Although little known in modern times, Cooper a star in the 1920s and 30s and, moreover, he had a remarkable pedigree in the game.

He was born in Surrey in 1904 to parents who were both professionals. His father, Syd, had worked under Old Tom Morris in St Andrews, and his mother, Alice, was even more extraordinary as a very rare woman professional at the time. The family moved to Texas when Harry was young and he claimed his first professional win, in 1923, before he had turned 20.

He was good enough to win 30 times on the PGA Tour including no less than seven of them in 1937 when he ended the year top of the rankings. He would also have played the Ryder Cup except for a bizarre quirk: he couldn’t play for Britain because he didn’t reside there and he couldn’t play for the USA because he wasn’t born there.

He finished top five in a major no less than 11 times including two runner-up finishes in both the Masters and the US Open. A forgotten star of the game and one of its great nearly men.

4. Macdonald Smith

Born in Carnoustie, ‘Mac’ was typical of the many Scottish ex-pats who crossed the Atlantic to expand the game and their own fortunes. He left the UK aged 17 and his first win on the PGA Tour was the 1912 Western Open which many have argued was a major of its time.

In the real things, however, he never lifted the trophy despite mopping up 25 PGA Tour wins (including a second Western Open in 1933). He was a 12-time top five finisher the majors including third on his debut at the 1910 US Open, second in the same event in 1930 and two runner-up finishes in the Open.

His quality was revealed in one of his keenest admirers – the undeniably great Ben Hogan. And his inability to win a major was all the harder to take because his brothers Willie and Alex both won the US Open.

3. Doug Sanders

If Cooper and Smith banged their heads against a locked door time and time again, Sanders did so less often but his final heartbreak is among the saddest in golf history.

The Georgia-born golfer landed his first PGA Tour win as an amateur – the 1956 Canadian Open – and he collected 24 wins on the circuit in all. The first of his eight top five finishes in the majors came at the 1959 PGA Championship when he was second, the first of four runner-up finishes.

That’s impressive enough – albeit without the winning gloss – but it is the final second place that stands above all others because at the 1970 Open in St Andrews he only needed a par at the short par-4 final hole to be triumphant – and he was only 75 yards from the pin after his drive.
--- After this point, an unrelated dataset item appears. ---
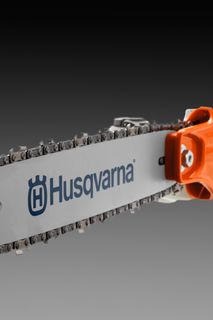 Vista lateral de uma podadora com vara Husqvarna com corrente e lâmina visíveis.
Three blows later he had 3-feet to win the Claret Jug. Before his attempt he nervously leaned down to remove debris. And then he wafted his putter at the ball in a manner that left those watching gasping in horror. Poor Sanders was quite clearly embarrassed before the ball had even reached the hole.

After tapping in for bogey he returned next day for an 18 hole play-off against Jack Nicklaus which he lost. So near and yet so far.

2. Colin Montgomerie

The Scotsman won 31 times on the European Tour (the fourth best total of all-time) and he was also an eight-time winner of the Tour’s Order of Merit (a number Rory McIlroy is still chasing down).
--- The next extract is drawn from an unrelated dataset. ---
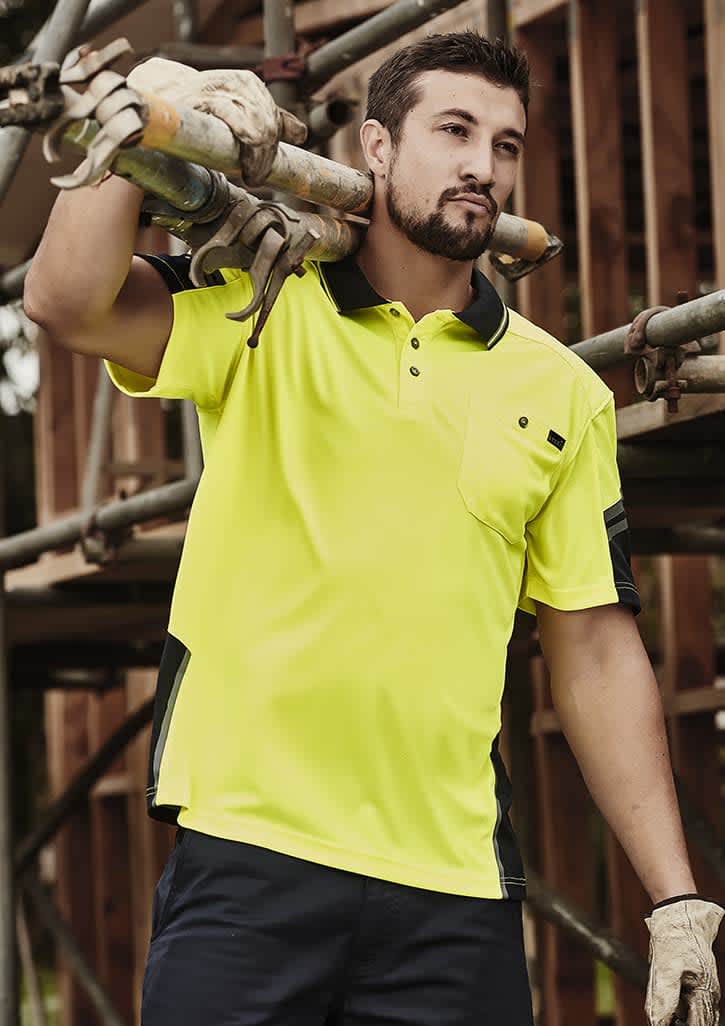 A man in a bright yellow short sleeve polo with black accents, carrying scaffolding pipes at a construction site. Mens Hi Vis Reinforced Squad Short Sleeve Polo - Image 1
More than that, perhaps, is his quality in the Ryder Cup. He was a titan for Europe in the Ryder Cup – and especially magnificent in the singles (eight matches, never beaten).
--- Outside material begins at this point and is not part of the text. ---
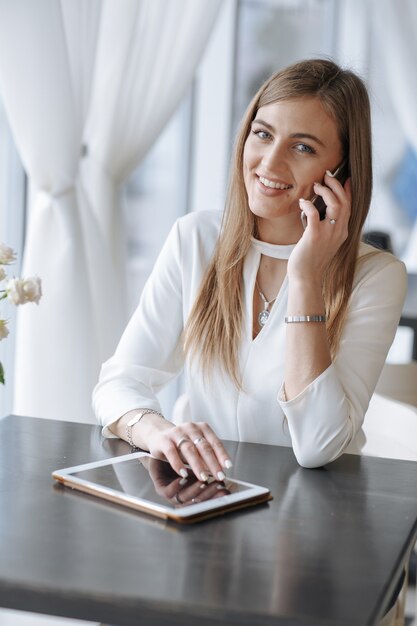 Frau lächelt, während am Telefon sprechen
He had a problem, though: he couldn’t win in America. Not, at least, until his senior career. Americans mocked this gap in his CV and it made life difficult when it came to the majors.

He finished second in the US Open three times, including 2006 when a par at the last would have won it and a bogey would have earned a play-off. He made double bogey after hitting the fairway with his drive. He was also second in the PGA Championship and Open.

Sustained misery, then, and yet in just his fourth major, the 1992 US Open, he was third after setting an early clubhouse target which prompted Jack Nicklaus to congratulate him on victory.

It was premature praise and must still sting. So must wondering what might have happened if he had won so soon in his career…

1. Lee Westwood

The Englishman was good enough to win in America, Europe, Africa, Asia and Australia. He won on all sort of golf course and all sorts of grasses. He topped the DP World Tour rankings, the world rankings and was a star of the Ryder Cup.

But major wins eluded him.

In all, he tallied 11 top five finishes between 2000 and 2019 – and, like Sanders, he spread those near misses across all four majors.

Between 2008 and 2013 he was particularly close to glory, collecting eight top three finishes in just 21 starts.

His greatest run started in late 2009 when he was tied third in both the Open and PGA Championship then opened 2010 with second at the Masters. After T16 at the US Open he was second in the Open.

Yes: four near-misses in just five starts. That concentrated run of agonisingly quality pinches top spot off Montgomerie.